UNICEF: 40% of Syrian children in Turkey not in school

Risk of 'lost generation' as UN agency says 380,000 Syrian child refugees miss formal education at present in Turkey.

    More than 40 percent of Syrian child refugees in Turkey are not in education [Reuters]
    More than 40 percent of Syrian child refugees in Turkey are not in education [Reuters]

    About 380,000 Syrian children of school age are missing out on education in Turkey, raising the risk of a "lost generation", according to the UN children's fund UNICEF.

    More than 40 percent of Syrian child refugees in Turkey are not in education at present, the agency said in a statement on Thursday.    

    Syrian refugee family fights to be reunited

    Justin Forsyth, UNICEF's deputy executive director, praised Ankara for enrolling 50 percent of Syrian child refugees since June, but said more needed to be done.

    "Unless more resources are provided, there is still a very real risk of a 'lost generation' of Syrian children, deprived of the skills they will one day need to rebuild their country," Forsyth added.

    He was speaking after a visit to southern Turkey where hundreds of thousands of Syrians live in cities and inside camps.

    Ankara says close to half a million Syrian children out of 1.2 million in Turkey are enrolled in its schools.
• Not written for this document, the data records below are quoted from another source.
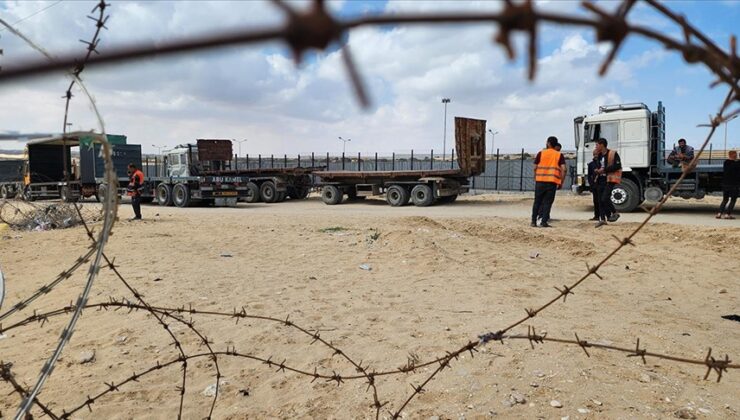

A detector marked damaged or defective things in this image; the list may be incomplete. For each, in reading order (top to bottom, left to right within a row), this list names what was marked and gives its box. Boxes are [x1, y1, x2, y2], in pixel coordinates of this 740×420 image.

rusty barbed wire strand [0, 0, 736, 106]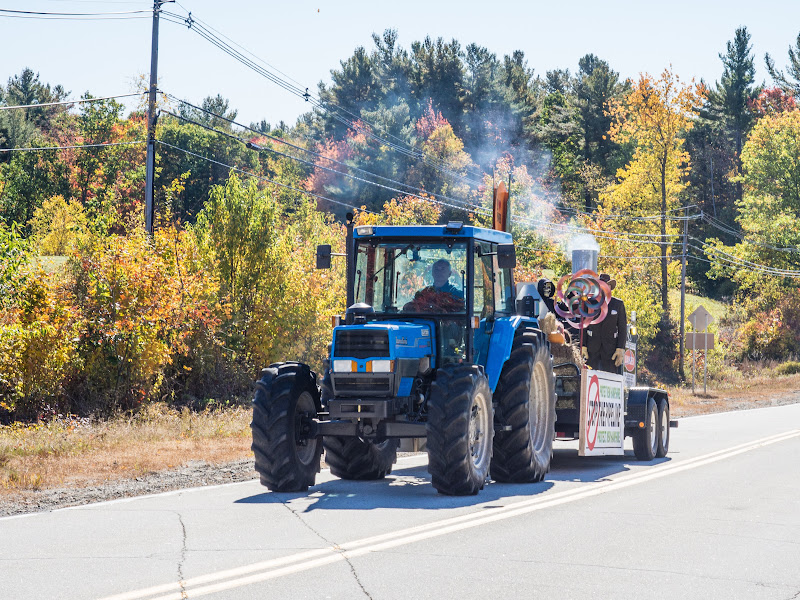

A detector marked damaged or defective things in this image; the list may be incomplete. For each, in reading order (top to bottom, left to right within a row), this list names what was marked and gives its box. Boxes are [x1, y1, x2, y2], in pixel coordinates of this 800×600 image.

road crack [282, 500, 372, 596]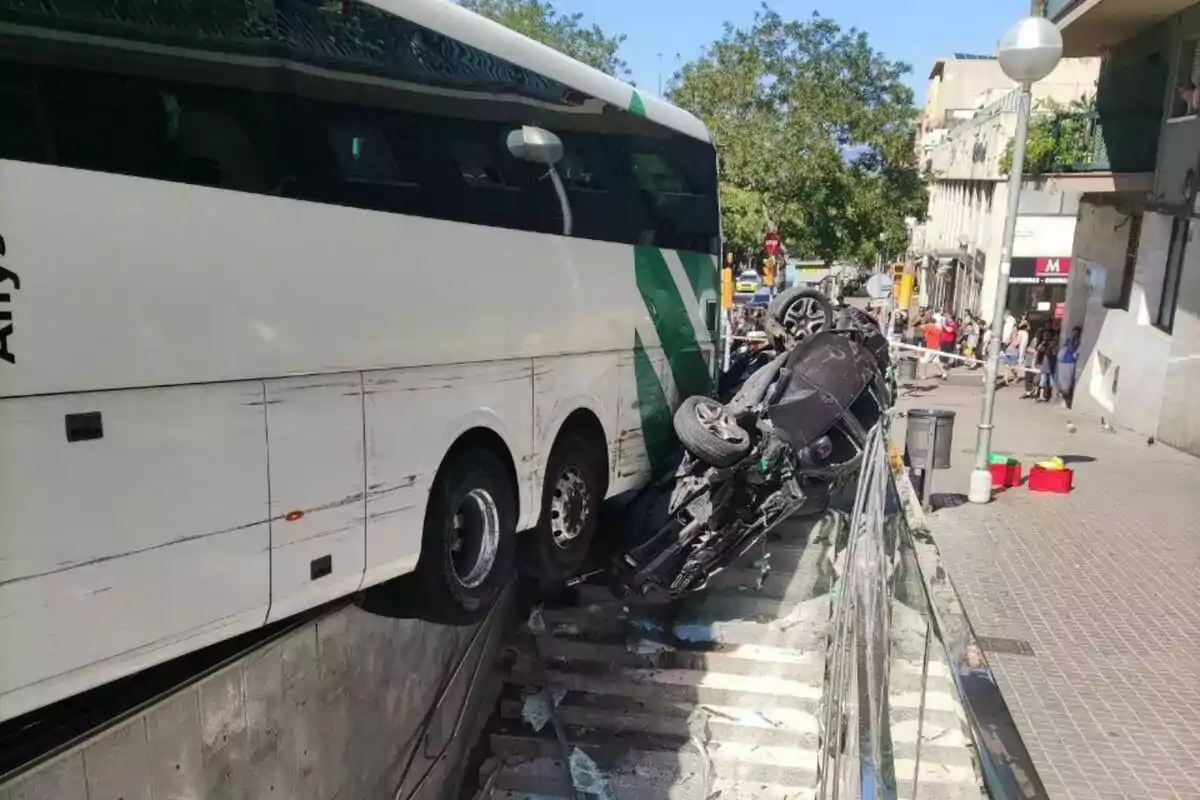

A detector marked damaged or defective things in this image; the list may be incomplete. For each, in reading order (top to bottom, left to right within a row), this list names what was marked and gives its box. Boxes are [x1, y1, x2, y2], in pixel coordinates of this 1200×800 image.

overturned black car [604, 290, 884, 604]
    There are 2.7 million Syrian refugees in the country, according to UNICEF. Across the region, a total of 2.7 million Syrian children, most of them inside the war-ravaged country. 
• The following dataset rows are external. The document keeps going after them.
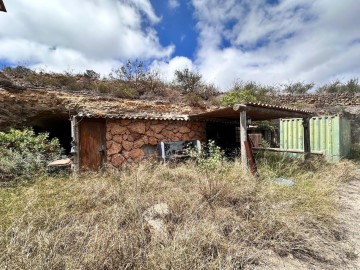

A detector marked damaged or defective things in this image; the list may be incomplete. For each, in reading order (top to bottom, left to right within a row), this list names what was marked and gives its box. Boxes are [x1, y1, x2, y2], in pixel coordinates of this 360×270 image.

rusty metal sheet [79, 119, 105, 170]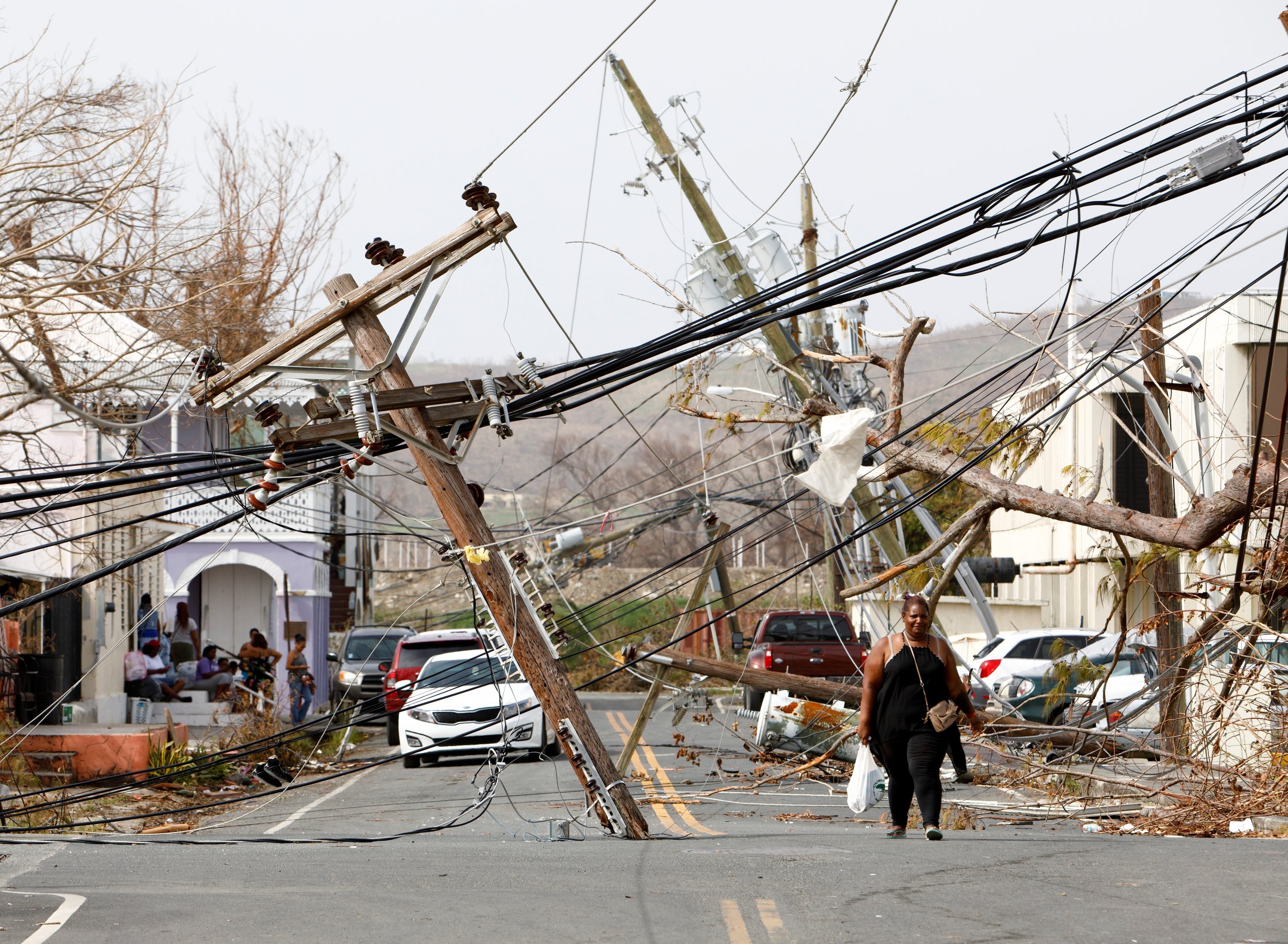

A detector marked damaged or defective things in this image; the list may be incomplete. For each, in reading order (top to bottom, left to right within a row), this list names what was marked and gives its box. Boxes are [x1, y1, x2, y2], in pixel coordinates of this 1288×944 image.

damaged wooden pole [332, 270, 647, 833]
damaged wooden pole [618, 524, 730, 775]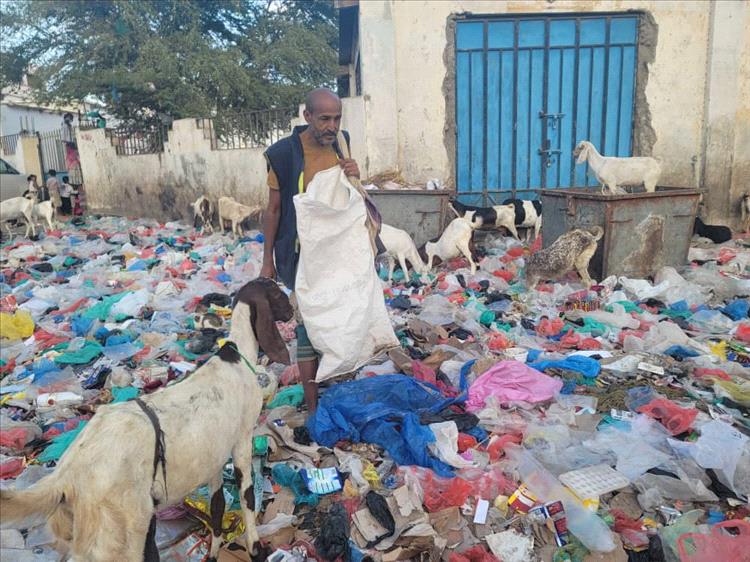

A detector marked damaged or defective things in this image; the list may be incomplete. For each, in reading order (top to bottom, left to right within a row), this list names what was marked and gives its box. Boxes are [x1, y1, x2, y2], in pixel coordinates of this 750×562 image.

wall with peeling paint [354, 2, 750, 225]
wall with peeling paint [76, 119, 268, 220]
rusty dumpster [544, 186, 704, 280]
    READ MORE: The blindness of war for Syrian refugees

    Nearly 180,000 babies were born to Syrian refugees in Turkey between April 2011 and September 2016, Turkey's health ministry said on Thursday, according to state-run Anadolu news agency.

    Earlier this month, Turkish President Recep Tayyip Erdogan said skilled Syrian and Iraqi refugees currently working in the black economy would be granted citizenship if they pass security tests.

    The conflict in Syria has killed more than 310,000 people since it began with anti-government protests in March 2011.